- Born: 1975 (age 50–51) Sydney, New South Wales, Australia
- Occupation: Writer

= Rusty Young (writer) =

Australian writer (born 1975)

Rusty Young (born 1975) is an Australian-born writer known for his book, Marching Powder published by Pan Macmillan Australia in 2003, and based on real life experiences in a Bolivian prison. Rusty Young is a commerce/law graduate from the University of New South Wales, who has lived most of his life in Sydney, Australia.

== Marching Powder ==

Rusty Young was backpacking in South America when he heard about Thomas McFadden (in the Lonely Planet guidebook and from other backpackers), a convicted English drug trafficker who ran tours inside Bolivia's famous San Pedro prison. Curious about the reason behind McFadden's huge popularity, the law graduate went to La Paz and joined one of the illegal tours. They formed an instant friendship and then became partners in an attempt to record McFadden's experiences in the jail. Young bribed the guards to allow him to stay and for the next three months he lived inside the prison, sharing a cell with McFadden. After securing McFadden's release, Young lived in Colombia where he taught the English language and wrote McFadden's story. The memoir, Marching Powder, was released in 2003 and became an international bestseller. In 2015 he returned secretly to the prison to film a segment for Australia's Sunday Night TV program.

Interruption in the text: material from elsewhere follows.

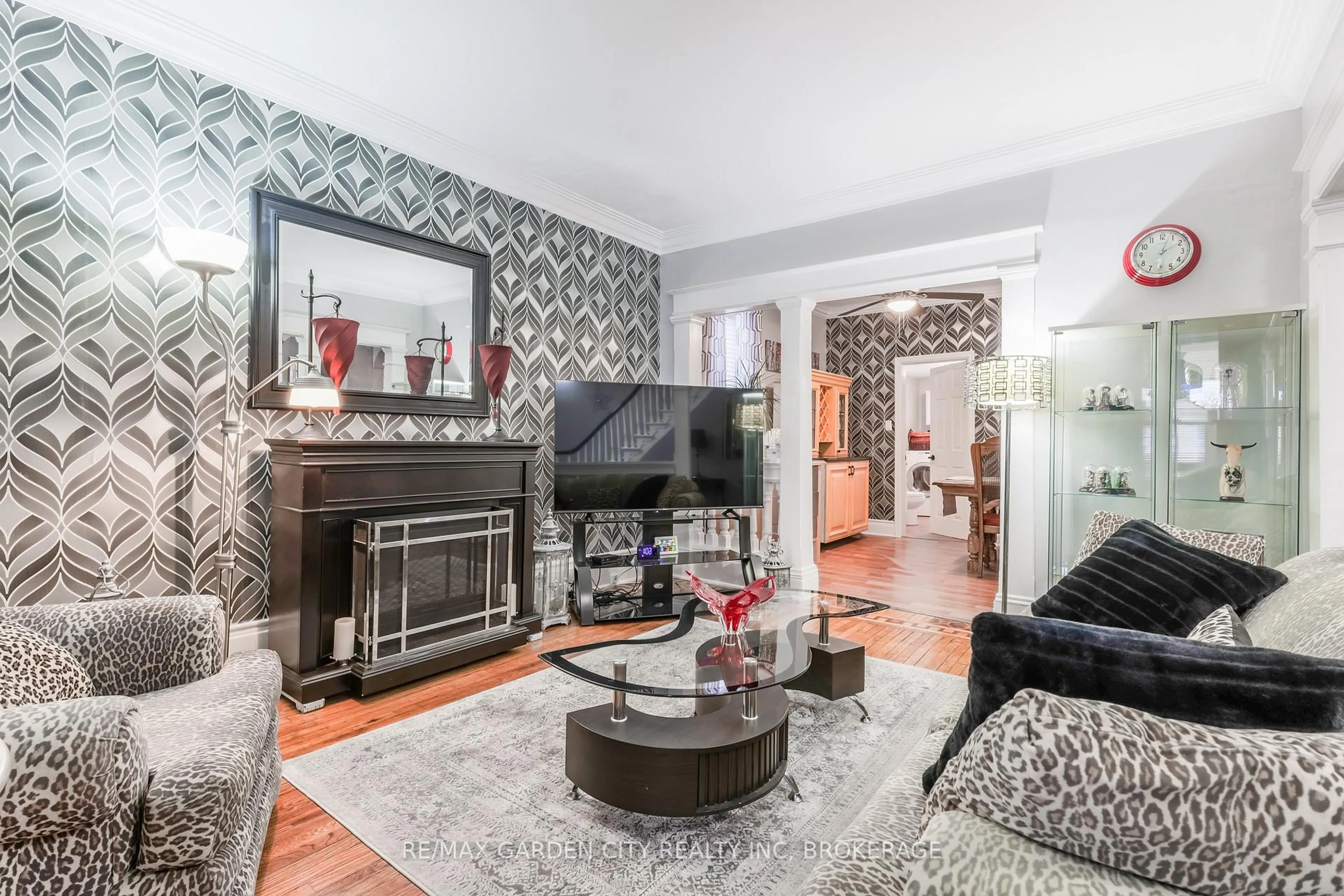 Living room with furniture, unknown for 26 Garnet St, St. Catharines Ontario L2M 5E8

== Counter-terrorism work in Colombia ==

Following the success of Marching Powder, Young was recruited as a Program Director of the US government's Anti-Kidnapping Program in Colombia. He explained in an interview with ABC Radio presenter Richard Fidler that the job was so dangerous he had to keep it secret even from close family members. Instead, he told people he worked as an executive in a corporation in Colombia, but alluded to the hazards of the position in interviews. For instance, the UNSW Law website quoted Young as saying: "At times it can be dangerous, so they’ve given me a bullet-proof car. I wake up every morning and know I’m a long way from my days at UNSW." Young finally revealed his work in anti-kidnapping to the Australian 60 Minutes program in July 2017.

== Colombiano ==

While living and working in Colombia, Young interviewed special forces soldiers, snipers, undercover intelligence agents and members of two terrorist organisations: the FARC and Autodefensas. He was particularly touched by the plight of child soldiers and decided to incorporate their stories into a novel. In January 2016, the rights to Colombiano, Rusty's second book, were sold by literary agent Simone Camilleri to Random House Australia after a competitive bidding war. Colombiano was released in August 2017 and became an immediate bestseller, being the highest selling fiction title by an Australian author in August 2017.

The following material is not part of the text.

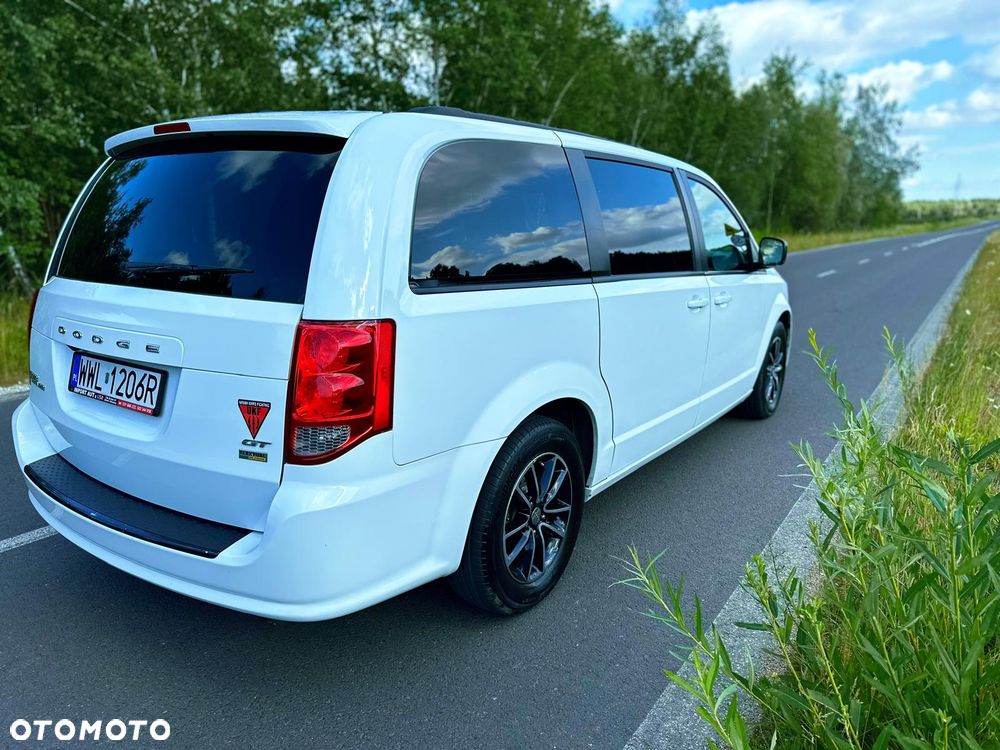 Dodge Caravan - 3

The novel, set in Colombia, is the story of one young man's descent into war and violence in order to avenge his father's murder. Commercial fiction publisher Beverley Cousins said: "From Rusty’s work with child soldiers in Colombia has grown a story that shocks, thrills and packs a strong emotional punch."

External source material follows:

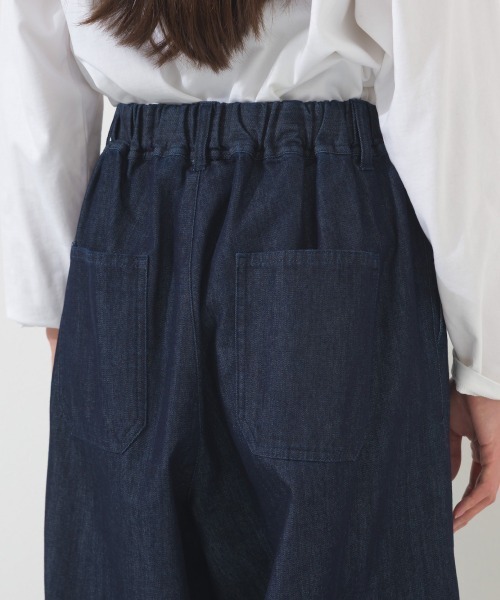 OMNES(オムネス)の「バレルレッグ裾ゴムデニムパンツ(デニムパンツ・レディース・インディゴブルー/ブルー・FREE)」の9枚目の写真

== Wildlands documentary ==

Young also fronts the documentary Wildlands (2017), produced by Ubisoft and Chief Productions, distributed by Journeyman Pictures, in which he interviews notorious characters formerly involved in the cocaine trade including George Jung – famously played by Johnny Depp in the movie Blow – and John Jairo Velasquez or “Popeye”, the right-hand man of Pablo Escobar and one of the deadliest hitmen in cartel history.

== List of works ==
- Marching Powder: A True Story of Friendship, Cocaine, and South America's Strangest Jail (book)- released 2003
- Marching Powder (film) - announced
- Colombiano (book) - released August 2017 (Australia), March 2019 (UK), April 2019 (US and Worldwide).